Vielleicht haben Sie ja diesen Werbespot auch schon gesehen? Nacheinander werden Kinder in einen leeren Raum an einen Tisch gesetzt und bekommen ein großes Schokoladenei. Bevor man das jeweilige Kind alleine lässt, stellt man ihm ein zweites Schokoei in Aussicht – vorausgesetzt, das erste Ei wird nicht geöffnet bis man wieder zurückkommt.

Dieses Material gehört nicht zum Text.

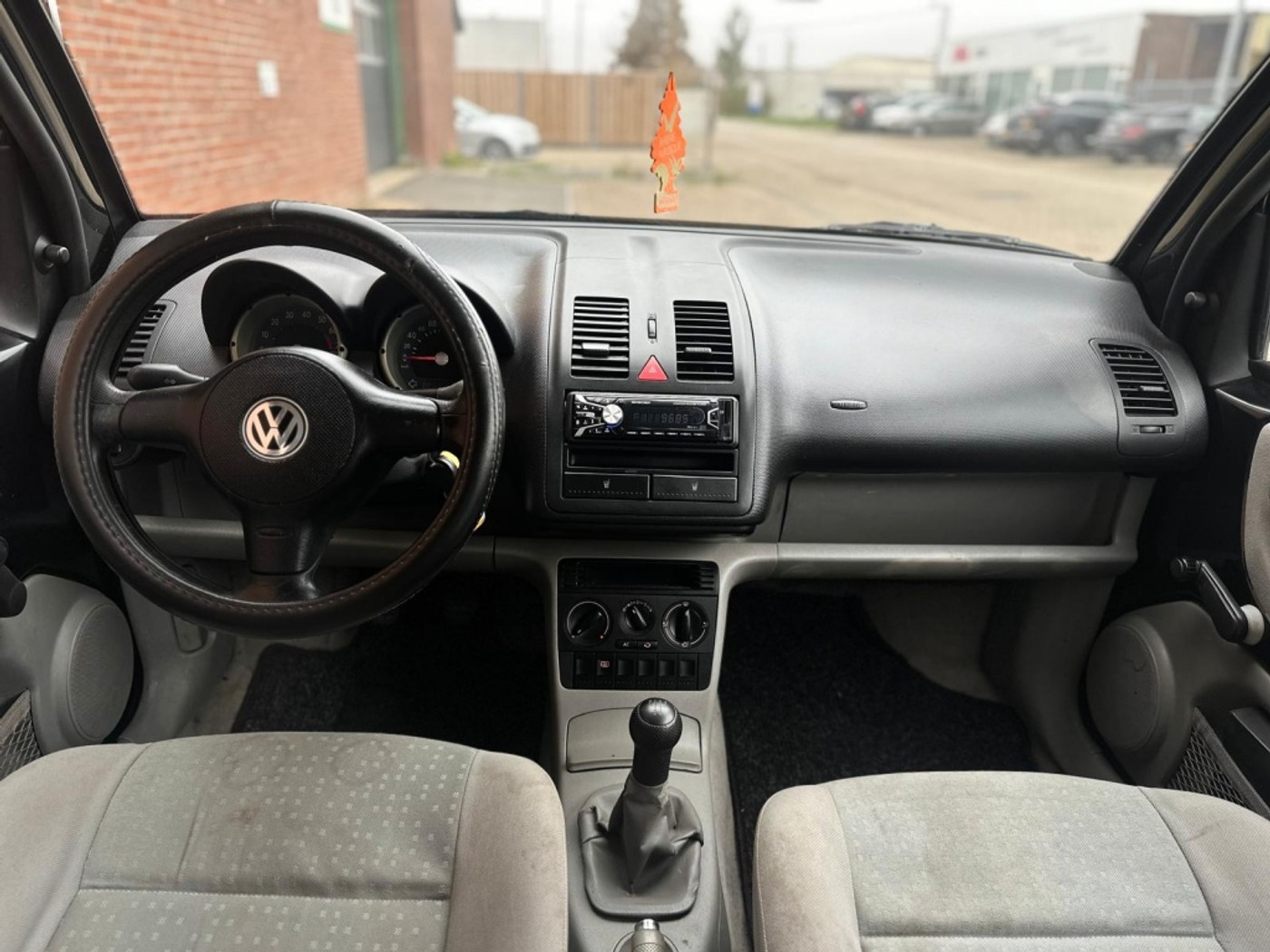 Foto van Volkswagen Lupo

Das Ergebnis: Kaum eines der Kinder kann der großen Verlockung widerstehen!

Tatsächlich hat der lustige Clip ein wissenschaftliches Vorbild: den sogenannten „Marshmallow-Test“, mit dem der amerikanische Psychologe Walter Mischel bereits vor mehr als 40 Jahren Berühmtheit erlangte. Ähnlich dem Spot schenkte Mischel seinen kleinen Probanden im Vorschulalter eine Süßigkeit – und versprach ihnen eine zweite, wenn sie die erste nicht aufessen bis er in den Raum zurückkommt. Mithilfe einer Kamera beobachtete er die Reaktionen der Kinder: Gaben die einen ihrem Verlangen nach dem Marshmallow schnell nach, konnten andere widerstehen – manchmal jedoch erkennbar unter Aufbietung all ihrer Willenskraft. Rund 14 Jahre später informierte sich der Psychologe noch einmal, was aus den mittlerweile jungen Erwachsenen zwischenzeitlich geworden war. Und siehe da: Der Test hatte erstaunliche Prognosekraft.

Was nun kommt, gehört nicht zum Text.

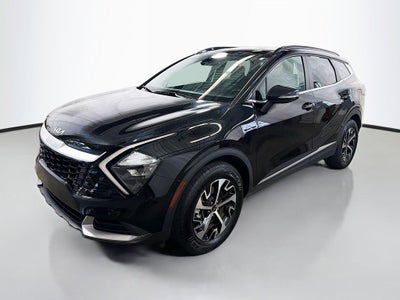 2023 Kia Sportage Hybrid EX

Diejenigen Probanden, die der Marshmallow-Versuchung als Kleinkinder widerstehen konnten, hatten sich zu selbstbewussten Persönlichkeiten entwickelt. Sie waren in der Schule erfolgreicher, empathischer, sozial integrierter und konnten mit Rückschlägen gut umgehen. Die „Sofortesser“ von damals hatten – obwohl nicht weniger intelligent – schlechtere Noten, waren weniger zielstrebig und emotional deutlich instabiler.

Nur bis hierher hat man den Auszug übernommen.